-- Excerpted data --
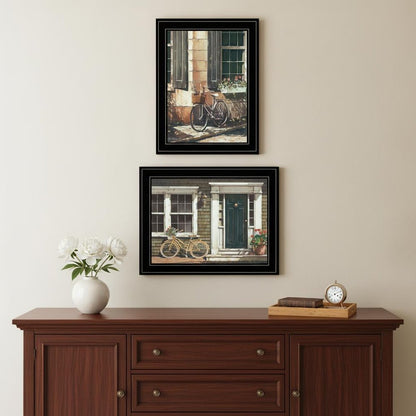 Set Of Two A Picnic Getaway 2 Black Framed Print Wall Art HomeRoots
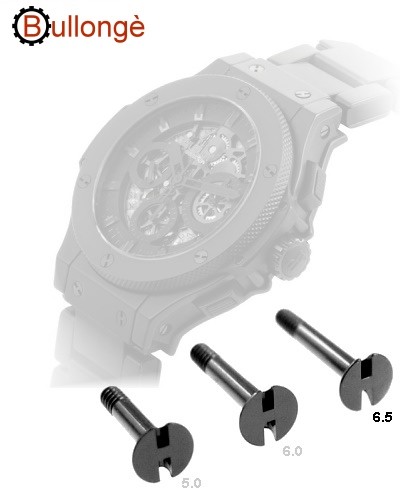 Ersatz H Schraube f r Hublot Armbanduhren BLACK 6.5mm. Uhrenteile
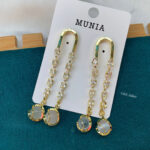 High Quality Diamond cut earring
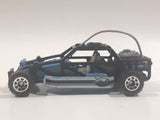 1999 Matchbox Mountain Cruisers Dune Buggy Black Blue Grey Die Cast Toy Car Vehicle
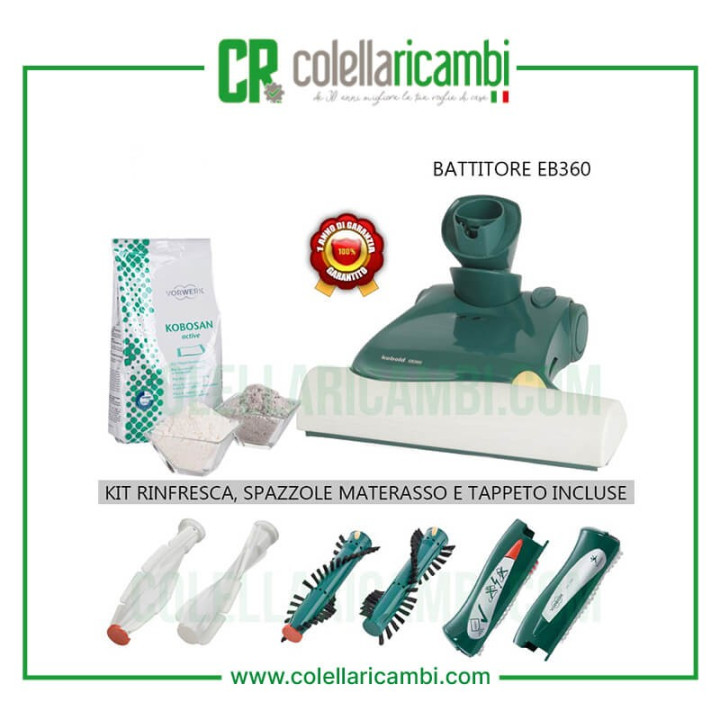 Battitappeto Folletto EB360 Rigenerato Originale Vorwerk Battitore/Battimaterasso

-- The problem --
Nothing but the lines from the line with "High Quality Diamond cut earring" through the last line of the data above should be printed, exactly as written and without pictures.

-- Solution below --
 High Quality Diamond cut earring
 1999 Matchbox Mountain Cruisers Dune Buggy Black Blue Grey Die Cast Toy Car Vehicle
 Battitappeto Folletto EB360 Rigenerato Originale Vorwerk Battitore/Battimaterasso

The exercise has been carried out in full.